TASK DIRECTIONS:
Copy every record verbatim but exclude the pictures.

[Short web captions]
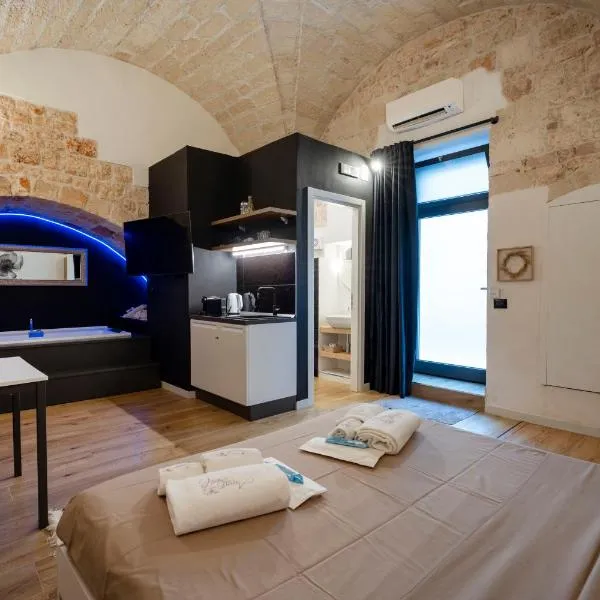 Pumo di Puglia Suite - Whirpool Bath,孔韋爾薩諾的飯店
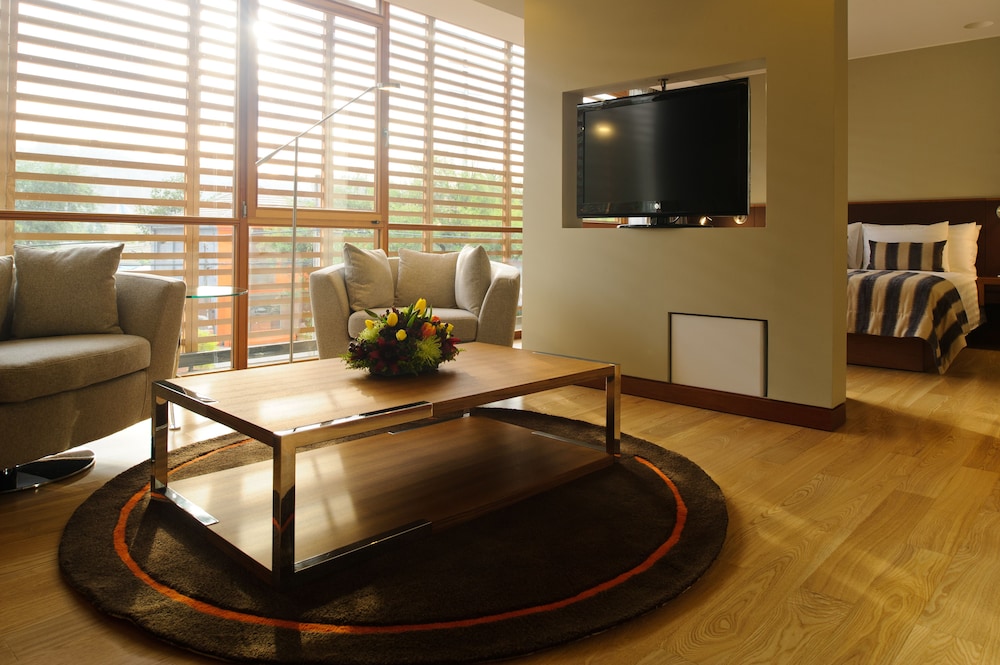 Junior Suite King Room - Photo 2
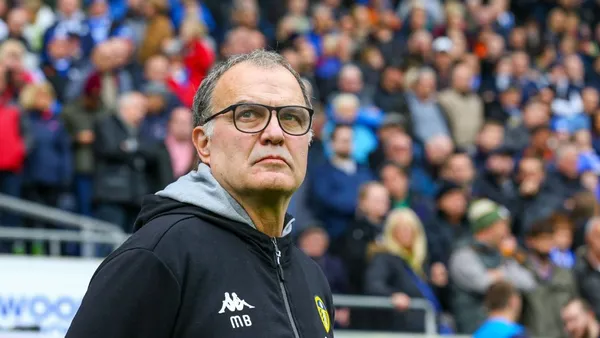 11The Mexican national team is considering the idea of stripping Gerardo Martino from his position, with the possibility that Marcelo Bielsa will enter his replacement.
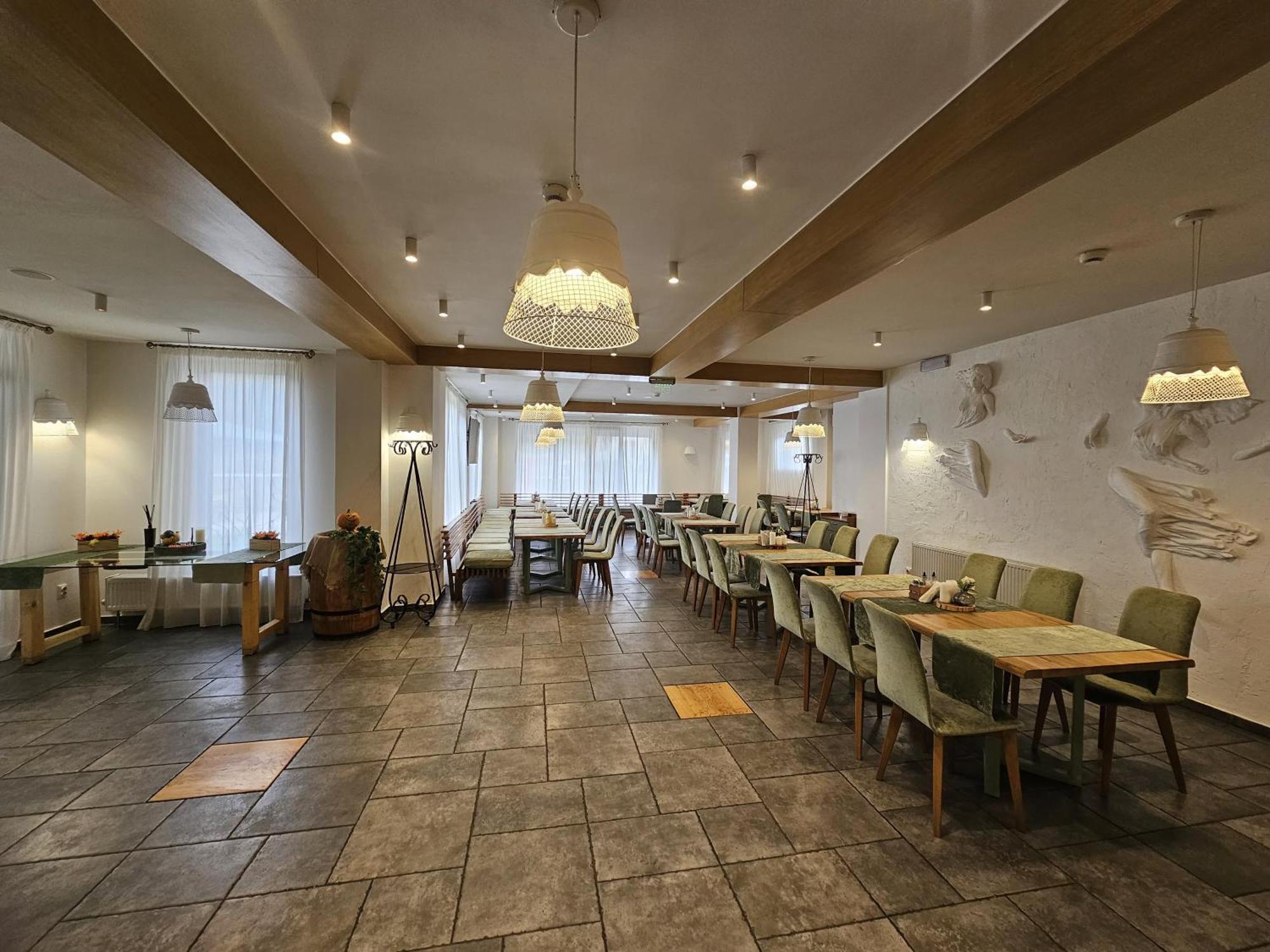 Hotel Casa Iustin Moroeni Zewnętrze zdjęcie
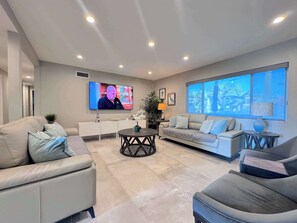 Televisión, videojuegos, libros y oficina 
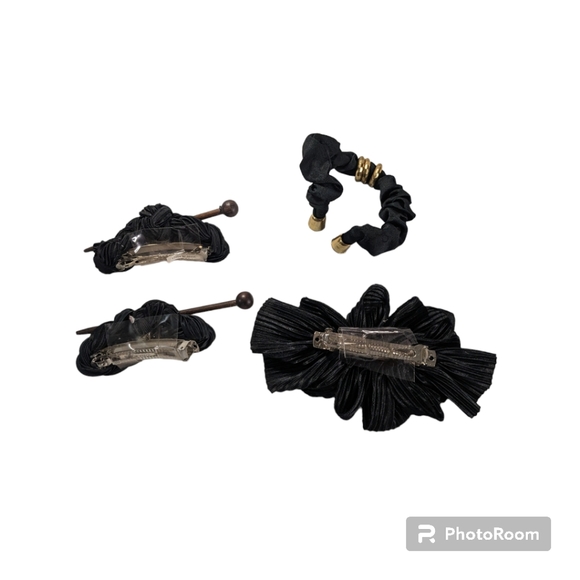 Black Hair Clips. Hair Accessories. 4 Pieces. - Picture 7 of 9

RESPONSE BOX:
 Pumo di Puglia Suite - Whirpool Bath,孔韋爾薩諾的飯店
 Junior Suite King Room - Photo 2
 11The Mexican national team is considering the idea of stripping Gerardo Martino from his position, with the possibility that Marcelo Bielsa will enter his replacement.
 Hotel Casa Iustin Moroeni Zewnętrze zdjęcie
 Televisión, videojuegos, libros y oficina 
 Black Hair Clips. Hair Accessories. 4 Pieces. - Picture 7 of 9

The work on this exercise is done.